Dataset records below:
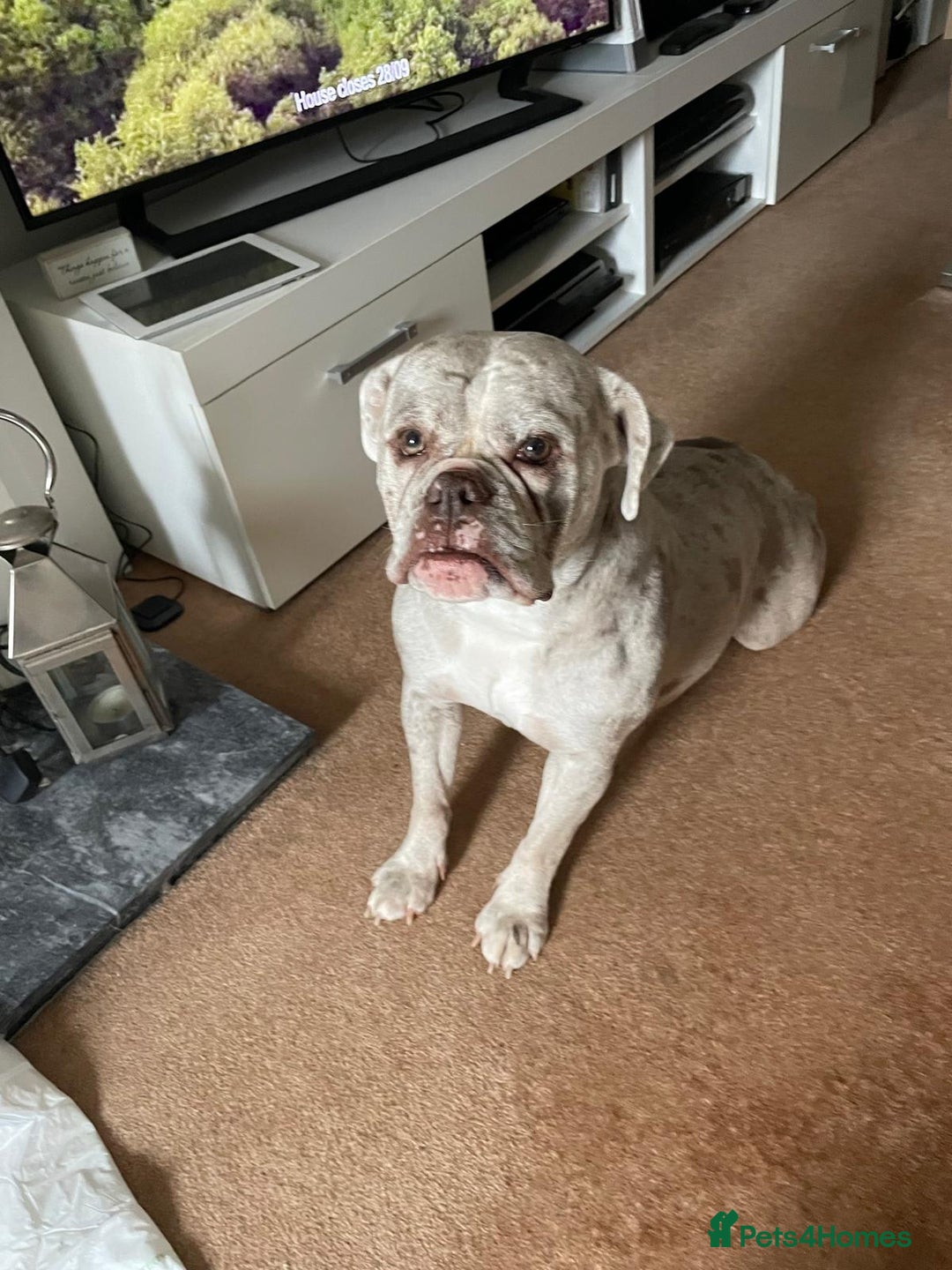 Dorset Olde Tyme Bulldogge dogs for sale: Dorset old tyme bulldog  - Image 3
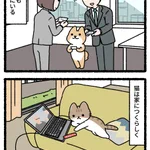 犬は人につき、猫は家につく。でもどっちでも幸せライフ!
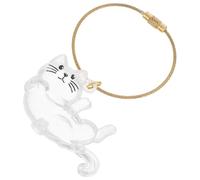 Boîte de Rangement Transparente pour Poils de Chat, Porte-clés Capsule Abs | Collecte pour Chien, Format Portable, Style Cartoon Mignon, Usage Bureau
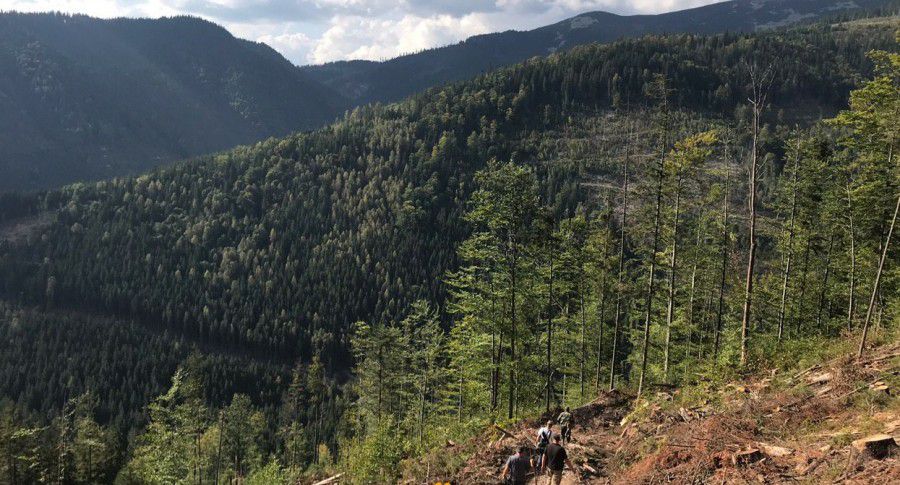 У горах віднайшли повстанську криївку часів другої половини 40-х років, яка розташована на глибині двох метрів.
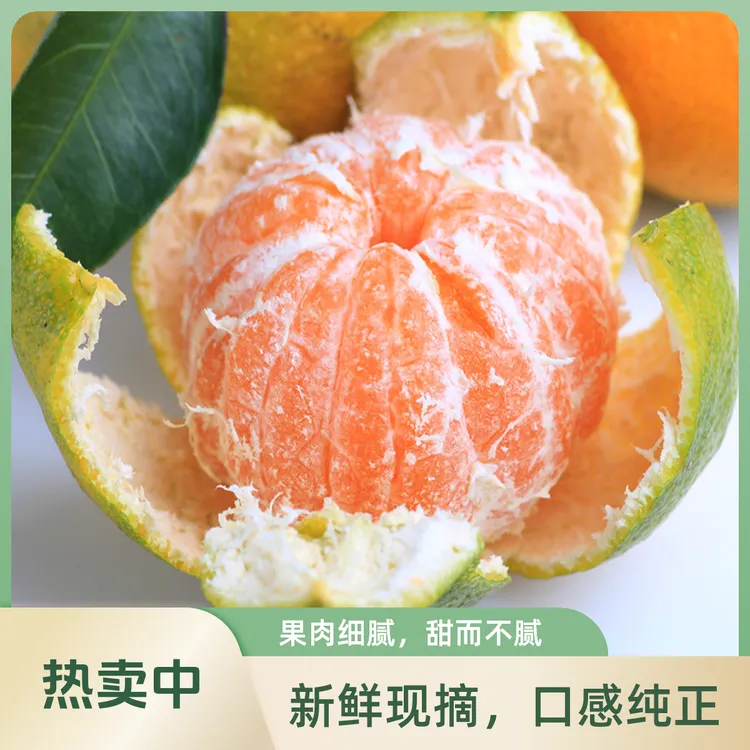 【农家自种】宜昌笕口青桔新鲜现摘酸甜可口皮薄多汁孕妇小孩都爱吃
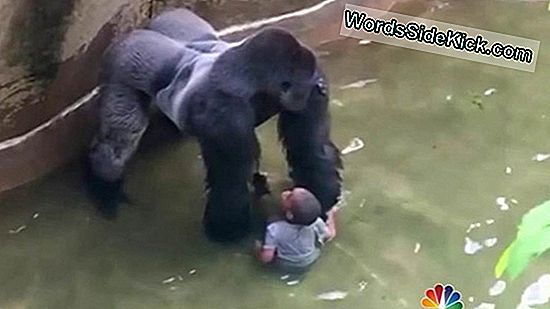 Koko, Gorila Care A Folosit Limbajul Semnelor, Este Mort La 46 De Ani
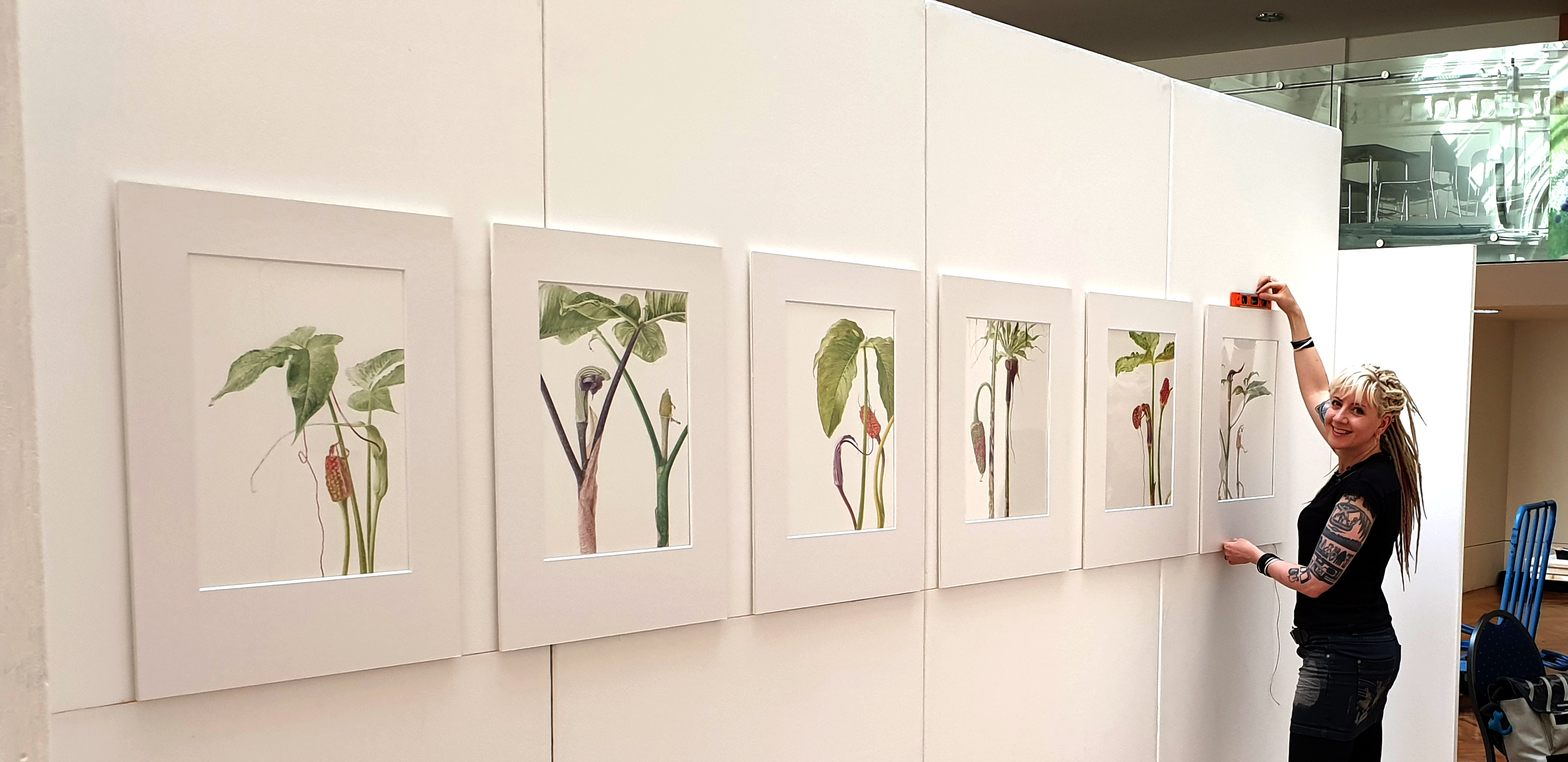Marianne Hazlewood - hanging her Arisaema watercolour series at the RHS 2019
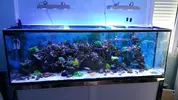 [TodoMarino.com] Club-taller ATI Powermodule Híbrid (EN ESPAÑOL)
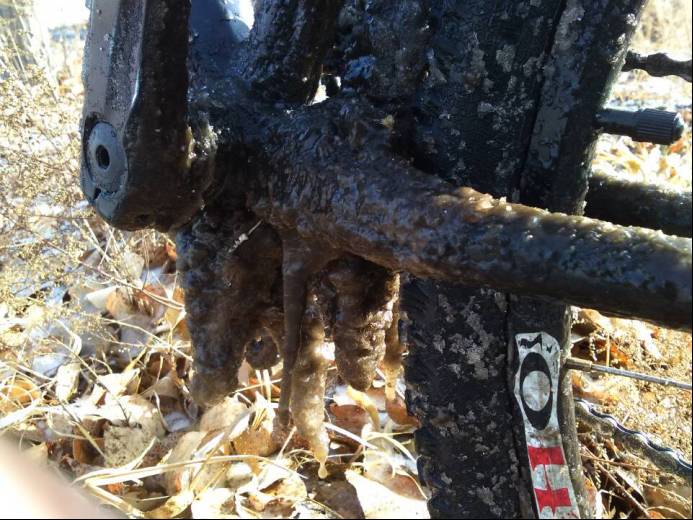 山东猪坚强,猪坚强512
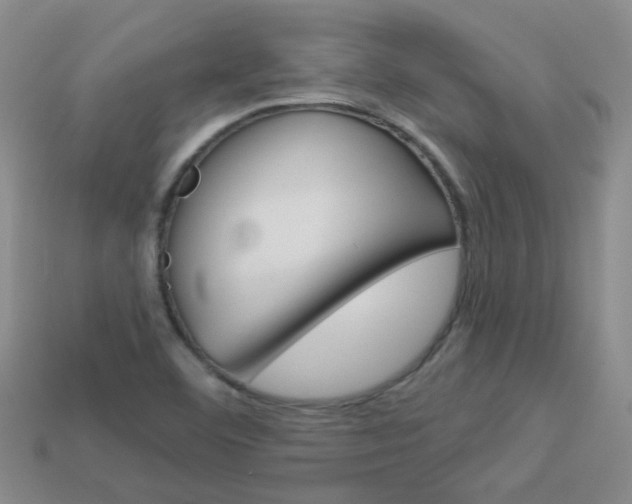 X0000114101460200910051220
End of Dataset records.
Exercise objective: Reproduce the data above line for line, from its first line through the line containing "Koko, Gorila Care", both ends included, with the pictures omitted and nothing more.

Exercise output:
 Dorset Olde Tyme Bulldogge dogs for sale: Dorset old tyme bulldog  - Image 3
 犬は人につき、猫は家につく。でもどっちでも幸せライフ!
 Boîte de Rangement Transparente pour Poils de Chat, Porte-clés Capsule Abs | Collecte pour Chien, Format Portable, Style Cartoon Mignon, Usage Bureau
 У горах віднайшли повстанську криївку часів другої половини 40-х років, яка розташована на глибині двох метрів.
 【农家自种】宜昌笕口青桔新鲜现摘酸甜可口皮薄多汁孕妇小孩都爱吃
 Koko, Gorila Care A Folosit Limbajul Semnelor, Este Mort La 46 De Ani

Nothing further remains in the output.